When Life Was Great… Not On Our Own Terms

I've been to a lot of apostolates of indigenous peoples, but it was only in my immersion program that I was fully able to appreciate what it really means to live in a community where life was really great without the comforts of city life (of course I do confess using Mobile Facebook during the first and last day, but it was a different matter altogether).

Our immersion group was assigned on Sitio Maporak, Zambales. We had to board the bus going to Iba at seven in the morning of Friday. We reached the town at about eleven, took the jeep to the river, and crossed it (with much force, since everyone of us crossed the river as if we had been through a rough foot spa) to reach the peaceful community of Aetas near the mountainside.

Once we reached there, we got assigned to our foster parents. Mine was Tatay Alfredo, a sixty-three-year-old farmer who knows just how to build not just his family, but also the Aeta community. Not only was he able to send his daughters to school as scholars and his sons to different working places, he was able to keep a small farm both in the mountains and in his back-, no, courtyard.

He served us with a lot of veggies freshly picked from his farmlands. As soon as we arrived, we ate sardines on okra and the small, bite-size ampalaya, which has a different bitterness compared to the Manila-exported ampalaya that we have way back in the seminary.

After that, we went outside with his grandsons and granddaughters, headed straight to the river where each and every kid bathed in, picked green Indian mangoes, and had stories until the sun sets. On the first day, we had a total taste of barrio life, which I admit was not totally away from modernity, because before we slept, we had to watch TV Patrol and an episode of "May Bukas Pa," something that most of the mothers and elders in the place were looking forward to.

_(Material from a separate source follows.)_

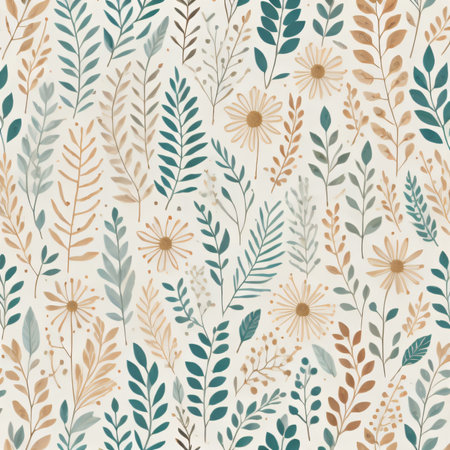Seamless pattern with hand drawn flowers and leaves. Vector illustration.の写真素材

We woke up early the next day to do "Harvest Moon" work, as we watered the plants in Tatay Alfredo's farm. As we did that, he taught us a bit of Farming 101, telling us that veggies shouldn't be watered everyday, and that veggies would lose the taste of freshness if they will be sprayed with chemicals. We afterwards went to the Elementary School started by the Ateneo. All of us took part in building a simple bench where all our energies were spent on transporting sand, mixing cement, and laying it down, and we did it for the whole morning, while we were thinking of things to do for the community afternoon and playing with the bunch of kids we were with.

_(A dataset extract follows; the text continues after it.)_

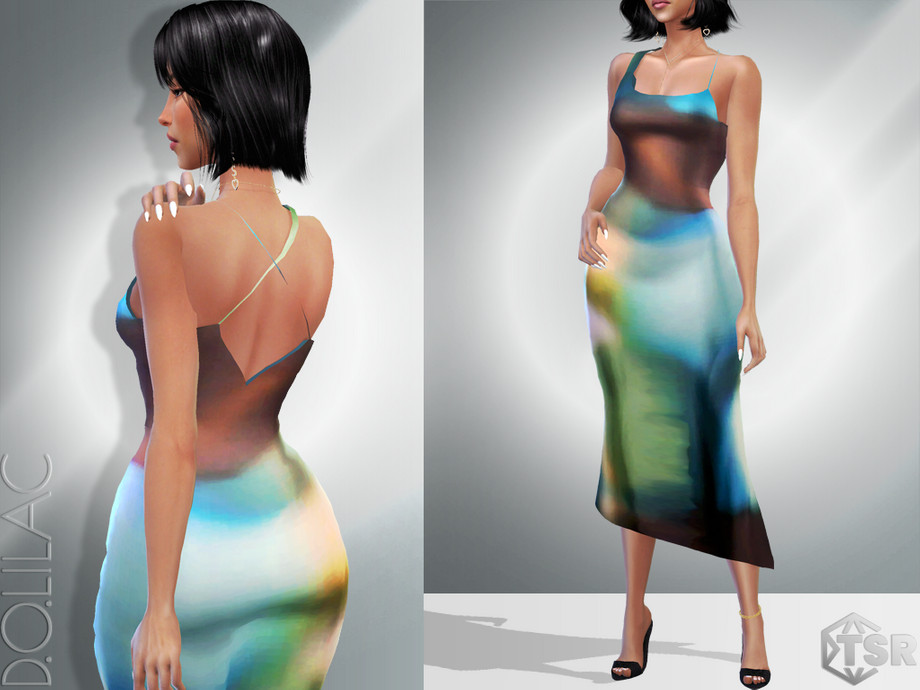 Sims 4 Graphic Print Sleeveless Dress DO036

Come the community afternoon, where all of us presented, played games, and shared touching stories of being with our foster families. Of course, it was all important, as we were able to take a step back and reflect on our day-old stay in the community. But the most exciting part of the day was that all of us, boys and girls, were able to finally take a bath into the nearby river. We were all there, jumping and wading in joy, as we brought our towels, shirts, soaps, and shampoos and took a bath. All of us had fun playing like kids and cleaning ourselves up in the river, and when it was dark, we came back and rested earlier than usual (while some were still able to gather and tell their own stories).

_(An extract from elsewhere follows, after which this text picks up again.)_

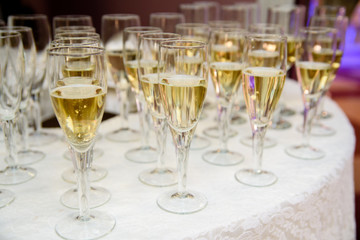 Arrangement of glasses with champagne.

The next day was basically a day of goodbyes for everyone. After packing our things and having our processing, we already bid farewell to our own foster families. We wholeheartedly thanked them and made our way back home to Manila.

And what did we bring back after this two-day stay in the mountainside? Well, more than the bags of bananas and indian mangoes, there is the experience of the joys and consolations of the simple life, a short length of time when we did not think of everything that concerns the city, most especially the looming concerns about academics. However, I had to admit that, like Father Roque, I was able to have true philosophical insights during my stay in the barrio. Most of us, including myself, admitted that it would be too hard to go back to the city, since the simple life is just too hard to leave, but then, it's time for us to live our life as they live theirs, so inevitably, we have to say goodbye.

And to end this (seemingly unorganized) account of our rich experience, I would like to end with an emphasis on a fact. We were there not to feel that we are lucky to have a modern life. To do that would be to define life" fundamentalistically," on our own terms. Instead, we were there to experience the other, an entirely different world, with a different set of consolations and problems, but that which we could possibly enter. Perhaps helping this community comes as a corollary, for what is important is that we were able to be one with them and fully experience their life.